The Transportation Safety Board of Canada (TSB) is deploying a team of investigators to the Calgary International Airport concerning the emergency landing of an Air Canada flight (ACA088). The TSB will gather information and assess the occurrence.

Video

2017-02-20

Fasten your seatbelt - This short video describes the occurrence and depicts, in a generic aircraft, what effects the forces associated with severe turbulence would have on passengers who are not wearing seat belts.


Investigation information

Map showing the location of the occurrence

Investigator-in-charge

Photo of Jonathan Lee

Jonathan (Jon) Lee is the Western Regional Manager for the Transportation Safety Board of Canada (TSB) in Edmonton, Alberta. He has been an aircraft investigator for 13 years, and has been managing the office for 8 of those years. He has been investigator-in-charge or deputy investigator-in-charge on 50 Class 2 or Class 3 investigations. Mr. Lee has also participated in foreign investigations that involve Canadian aerospace products. Working with the National Transportation Safety Board (United States), the Aviation Safety Council (Taiwan), Aviation and Railway Accident Investigation Board (Korea), and the Aviation Accident Investigation Board (Mongolia) has made Mr. Lee appreciate the importance of the TSB's role in global aviation.

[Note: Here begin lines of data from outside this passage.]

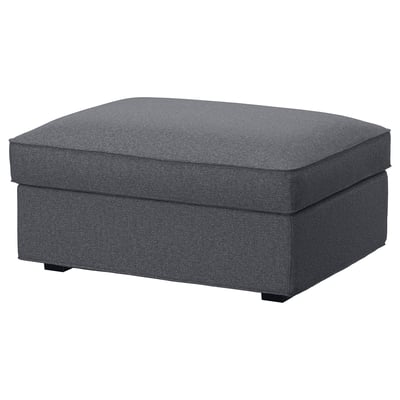 Gray KIVIK ottoman, square shape with cushioned seat, black legs, serves as storage.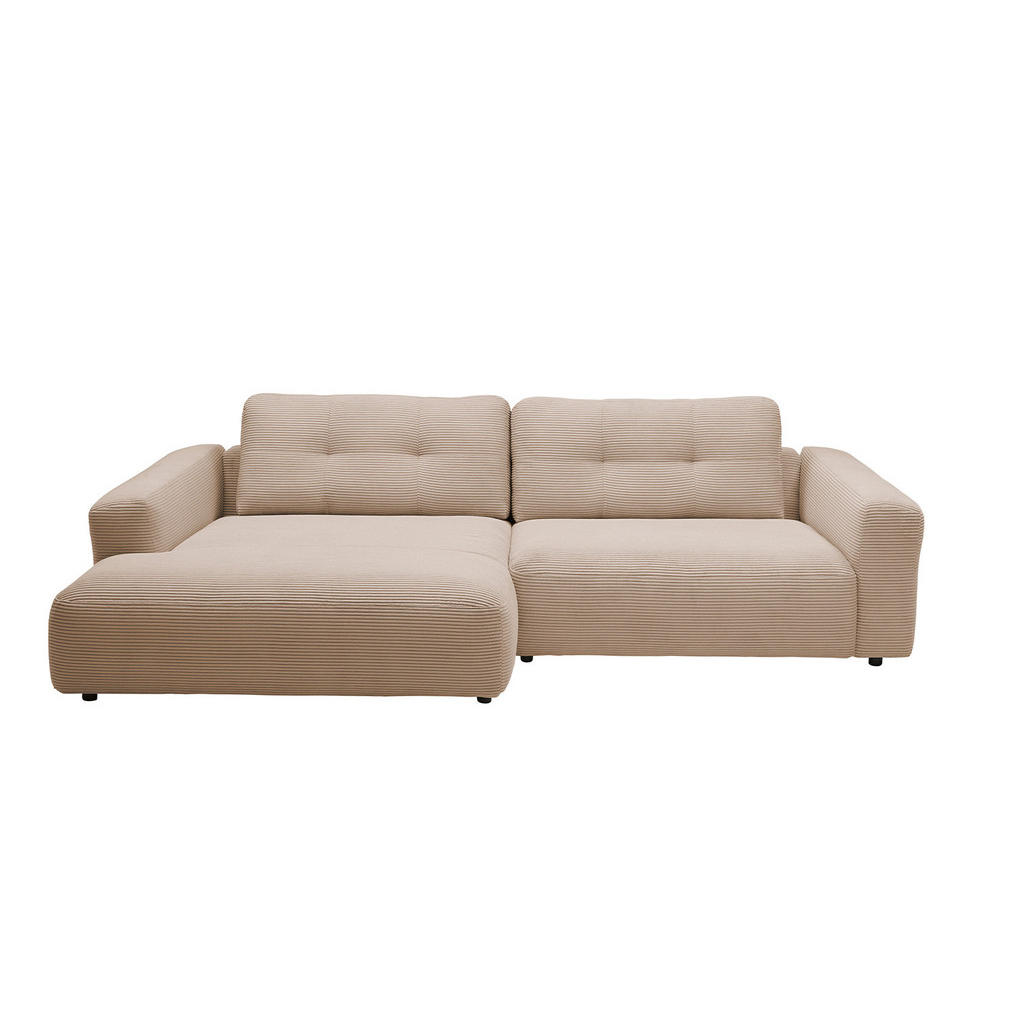 Thumbnail - Kawola Ecksofa, Taupe, Schwarz, Textil, Echtholz, 3-Sitzer, Füllung: Kaltschaum, Ottomane links, L-Form, 276x167 cm, Woh...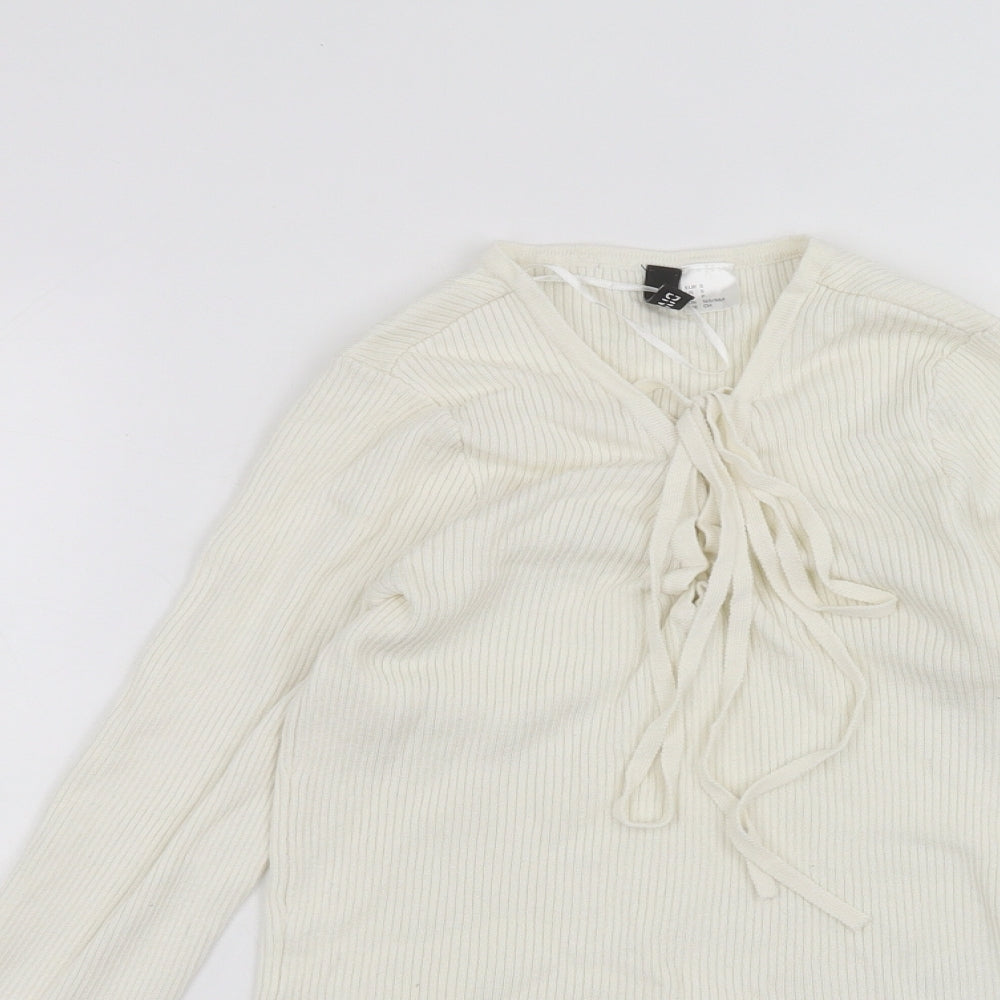 Womens UK Size S H&M White Basic T-Shirt
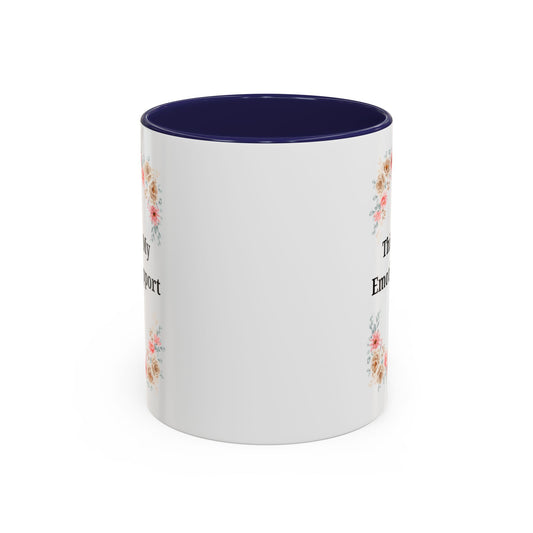 Floral accent emotional support ceramic mug by Printify, 11 or 15 oz, featuring colorful floral designs and a comforting message.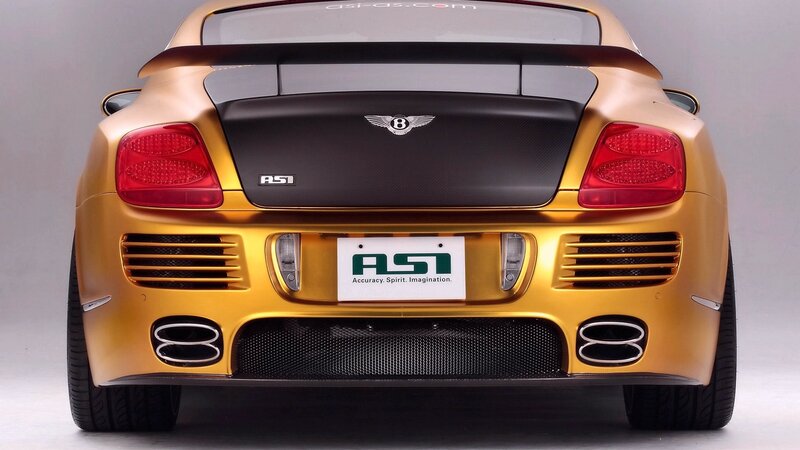 gold bentley rear view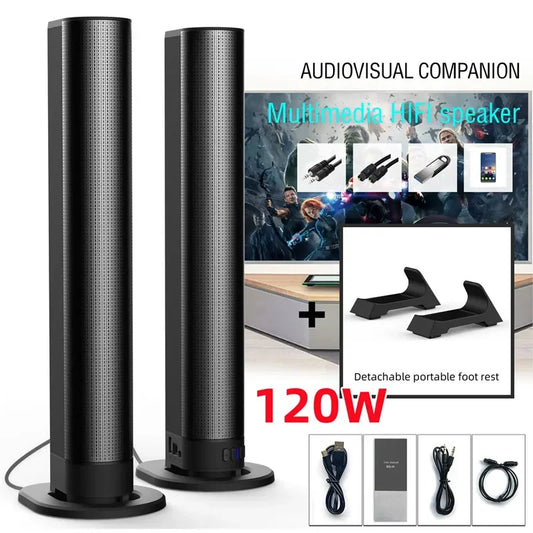 Home Theater Bluetooth Speaker HDMI/AUX/BT/OPT Connection Sound box with 2-in-1 Detachable  Sound System FM Radio TV Sound bar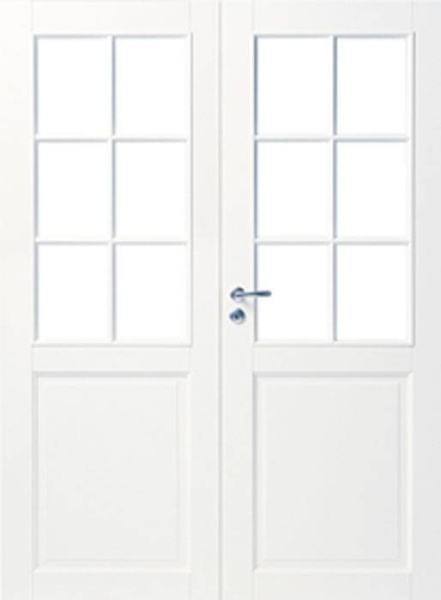 Дверь белая массивная SWEDOOR by Jeld-Wen Craft 102, двустворчатая, M15(705+715)х21, Правая, Белый NCS S 0502-Y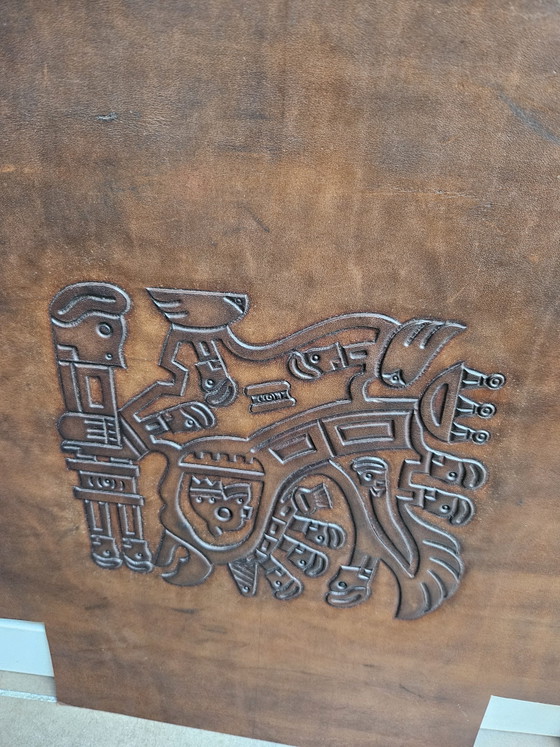 Image 1 of Set van 4 Vintage Leren Wandpanelen/Meubelinzetten Stijl Angel Pazmino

Before working in accident investigation, Mr. Lee gained industry experience as a pilot in operations ranging from regional airlines and transcontinental cargo to medevac and flight instruction. He has flown over 35 types of aircraft and has accumulated 6500 flight hours. He maintains a valid and current airline transport pilot license.


  Download high-resolution photos from the TSB Flickr page.

Class of investigation

This is a class 3 investigation. These investigations analyze a small number of safety issues, and may result in recommendations. Class 3 investigations are generally completed within 450 days. For more information, see the Policy on Occurrence Classification.

TSB investigation process

There are 3 phases to a TSB investigation

  1. Field phase: a team of investigators examines the occurrence site and wreckage, interviews witnesses and collects pertinent information.
  2. Examination and analysis phase: the TSB reviews pertinent records, tests components of the wreckage in the lab, determines the sequence of events and identifies safety deficiencies. When safety deficiencies are suspected or confirmed, the TSB advises the appropriate authority without waiting until publication of the final report.
  3. Report phase: a confidential draft report is approved by the Board and sent to persons and corporations who are directly concerned by the report. They then have the opportunity to dispute or correct information they believe to be incorrect. The Board considers all representations before approving the final report, which is subsequently released to the public.

For more information, see our Investigation process page.

The TSB is an independent agency that investigates air, marine, pipeline, and rail transportation occurrences. Its sole aim is the advancement of transportation safety. It is not the function of the Board to assign fault or determine civil or criminal liability.